Comparative example: (Sample I)
Sample I was in the middle of wire drawing, and when the wire diameter φ _I was 2.6 mm (> 1.0 mm), the wire was subjected to the above intermediate heat treatment and then subjected to the same chemical polishing as Sample 2, The layer was removed. The thickness t _I of the removed surface layer was t _I = 0.15 mm. When r _I is 1/2 of the wire diameter φ, r _I = 1.30 and t _I / r _I ≈0.115. In Sample I, the surface layer was not removed when the wire diameter φ was 0.9 mm.

Comparative example: (Sample II)
Sample II is a sample in which the surface layer is not removed in the middle of wire drawing, and only the above-described intermediate heat treatment and plating are applied to the wire.

<Evaluation of wire drawing>
For each sample, the drawability when a cast material having a wire diameter of 8 mm was drawn to a final wire diameter of 0.021 mm was examined. The results are shown in Table 1. The wire drawing property was evaluated by a value (kg / time) obtained by dividing the above-mentioned cast material by 20 kg, measuring the number of breaks that occurred until the entire 20 kg was drawn, and dividing 20 kg by the number of breaks. .
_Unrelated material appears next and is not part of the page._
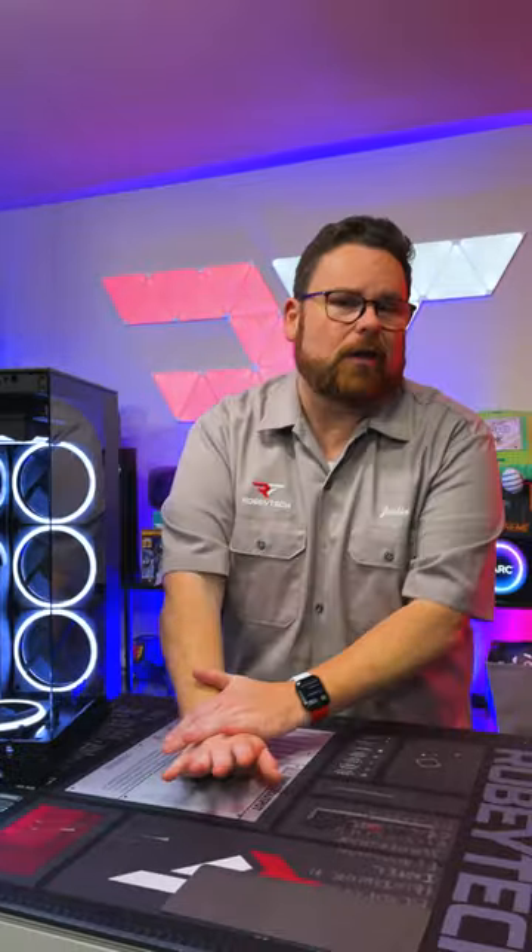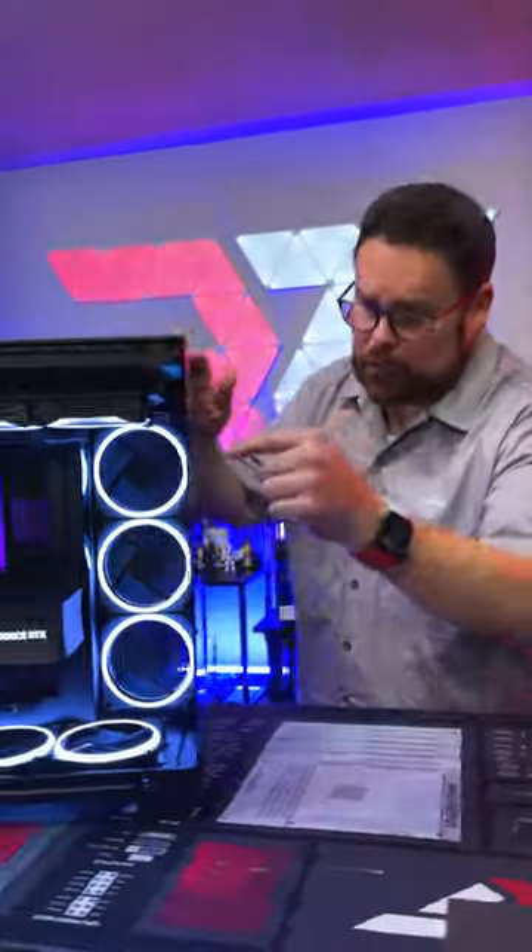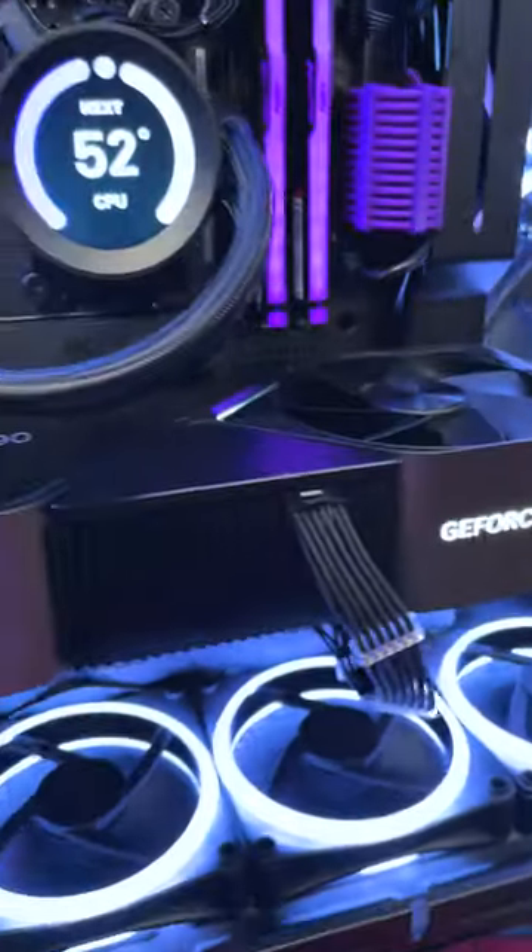Hey Justin, what's the best 4090? The best 4090 — that's actually a really good question. If you are literally not going to overclock the 4090, then you want to get as close to the cost of the Founder's Edition as you can. To be honest, there aren't a lot of bad 4090s.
<Characteristics of Cu-Ag alloy wire>
Further, the obtained samples 1 to 4 were measured for tensile strength (MPa) and electrical conductivity (% IACS). The results are also shown in Table 1.

  As shown in Table 1, while using a cast material prepared by holding the mixed molten metal for 30 minutes or more above the liquidus temperature of the mixture of Cu and Ag, a specific amount is used for the wire material whose wire diameter is 1.0 mm or less. It can be seen that Samples 1 to 4 from which the surface layer was removed are highly wire-drawable and difficult to break even in the production of ultrafine wires having a wire diameter of less than 0.025 mm. In particular, it can be seen that if the surface layer is removed a plurality of times, it becomes more difficult to disconnect. Also, even if a casting material with few foreign objects is used, if the surface layer is not removed from the wire material with a specific wire diameter, disconnection will frequently occur when producing extremely fine wire materials of less than 0.025 mm. I understand.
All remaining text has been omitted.